JoMc67, you have to be aware that when you state your setup it could be hiding all sorts of things. For example, are you talking a vanilla setup, or a very modified one? From what I have to guess at, you have an older machine on which you've upgraded to Win7? If so, you could be one of the few who had a Dell Vista Business setup (which comes with the in-built capacity and software options to run either Vista or XP, depending on the user's, or the seller's, setup wishes), and probably running DirectX9c. And some other Vista-ATI setups could also emulate fog (probably also running DirectX9c). And so you might have been running Vista and then upgraded to Win7? Now, although new Win7 machines will ship with DirectX10 or 11 (and new graphics cards of course), from what I understand, Win7 can run in a basic mode on DirectX9c so long as your old graphics card can support pixel shader 2 and has WDDM (Windows Display Driver Model) architecture. Or maybe you now have DirectX10 but still have the 9c elements also (but I start getting lost at that point).

And furthermore, not sure if it's relevant, but DELL computers can be a bit unusual in other ways (virtual drivers etc) compared to other machines of the same period.

And it sounds like your graphics card is not the original on-board, but a PCIe add-on?

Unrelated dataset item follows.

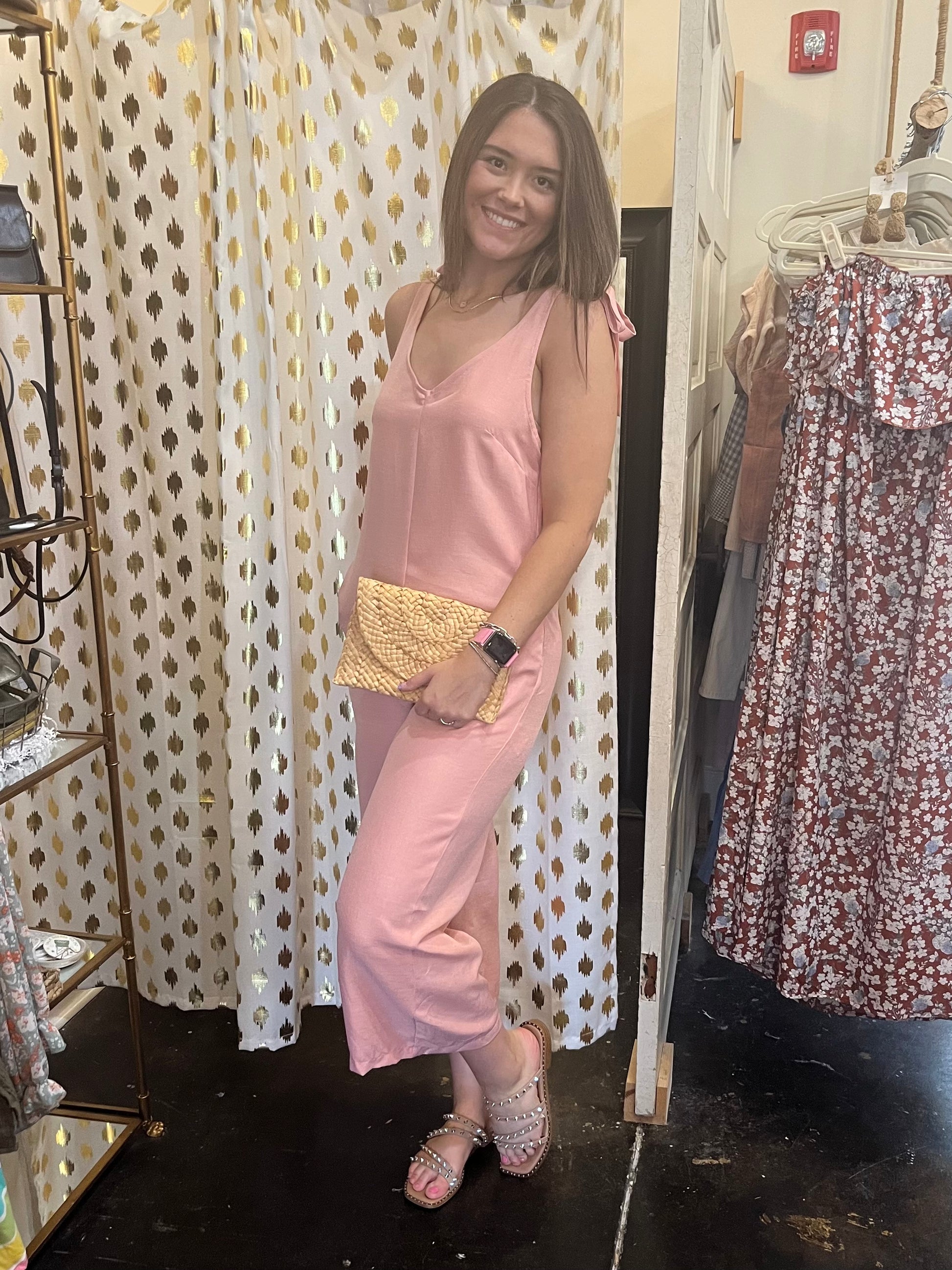 Model featuring pink linen jumpsuit.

I've read that in PCIe setups if you add a graphics card then the original in-built graphics can still handle some of the basic functions, so your machine could be doing something odd there to provide all the game's functions.

I can at least explain why your fog looks odd! A few years ago, ATI and NVIDIA cards stopped providing 16bit dithering. Most older games don't play in 32bit colour (CM1 is either 16bit or 24bit). So 32bit graphics cards would "dither" (or smoothe-out) 8, 16 and 24bit colours. But newer cards/drivers don't bother anymore and so you see the banding. As a long-shot, you could dig into the Monitor's and/or the card's own colour-display options just in case there's some 16bit options or fog table options there, but I doubt that'd work. If you've updated your graphics driver, you could try re-installing your original ATI graphics driver, but again, I doubt it'd work and it may cause other problems.

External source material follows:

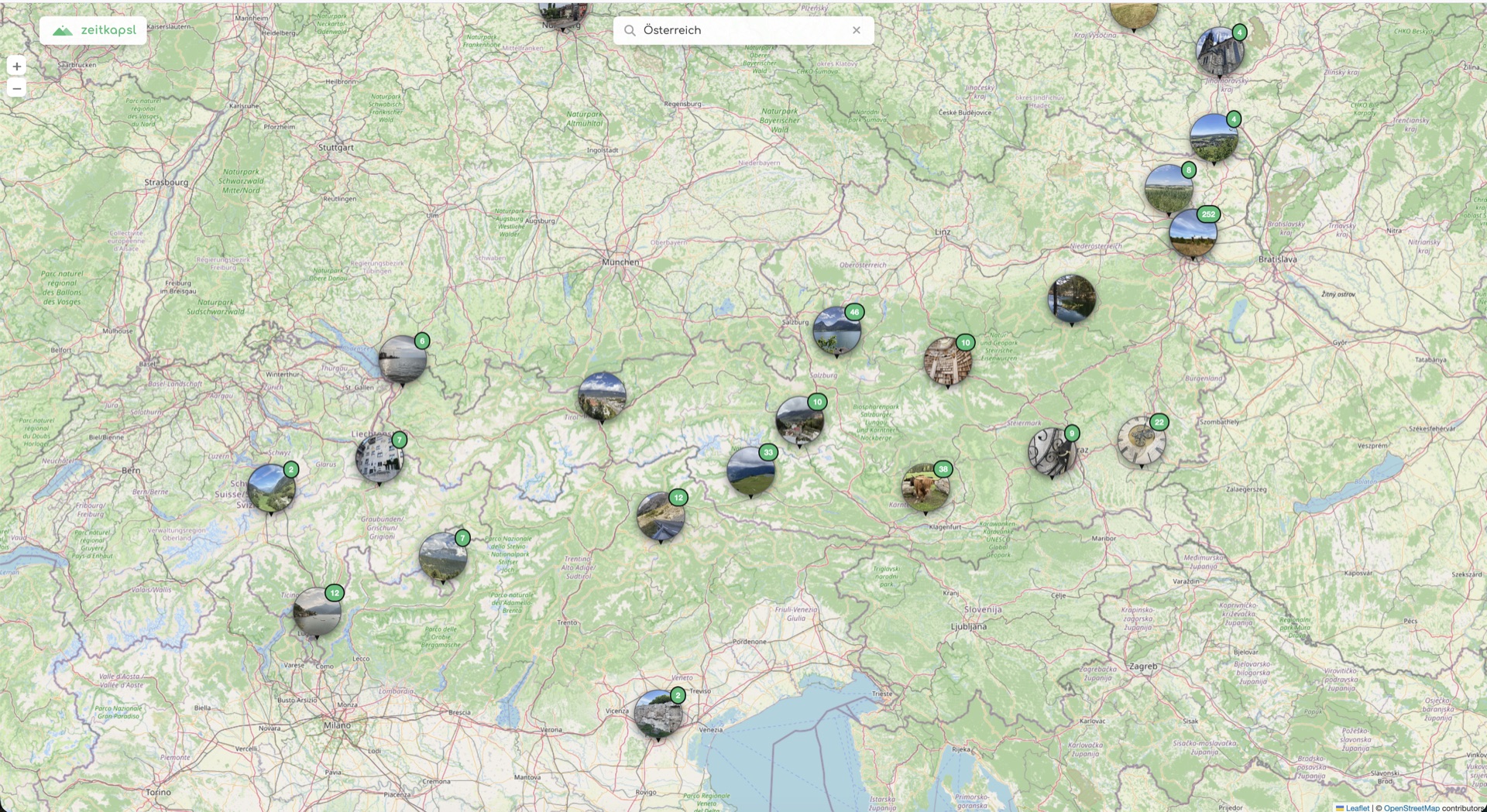 The map view, with nearby photos grouped into clusters across a region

Hope some parts of my ramblings are relevant to your case. Just be glad you still got fog! But be aware that if you buy a newer machine, you almost certainly won't get fog. And underneath the headline, this thread (I assumed) is primarilly about newer machines when they talk about "Win7".

Link to comment
Share on other sites

Oh, when I said "virtual drivers" I meant "virtual drives", I think - been a while since I set up my brother's Dell.

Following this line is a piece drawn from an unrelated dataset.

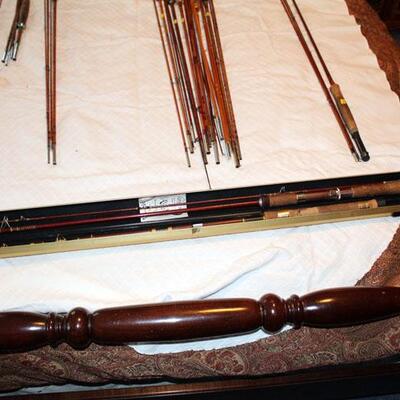 Two fiberglass fishing poles in metal case (#138)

Oh, and I when I said try installing your original ATI graphics driver, I meant the original one published for your graphics card - which may be older than the original one that came with your machine when you bought it. Not that it's likely but it might, just as a long-shot, bring back dithering if your card had dithering but a later universal graphics driver update disabled it (please note I've not tried this myself, I'm just musing on things I might try). And, as stated in my previous message, doing so might cause other compatibility problems so I wouldn't do it unless you were desperate.

Link to comment
Share on other sites

  • 3 weeks later...
  • 1 month later...

Join the conversation

You can post now and register later. If you have an account, sign in now to post with your account.

Guest
Unfortunately, your content contains terms that we do not allow. Please edit your content to remove the highlighted words below.
Reply to this topic...

×   Pasted as rich text.   Paste as plain text instead

  Only 75 emoji are allowed.

×   Your link has been automatically embedded.   Display as a link instead

×   Your previous content has been restored.   Clear editor

×   You cannot paste images directly. Upload or insert images from URL.

×
×
  • Create New...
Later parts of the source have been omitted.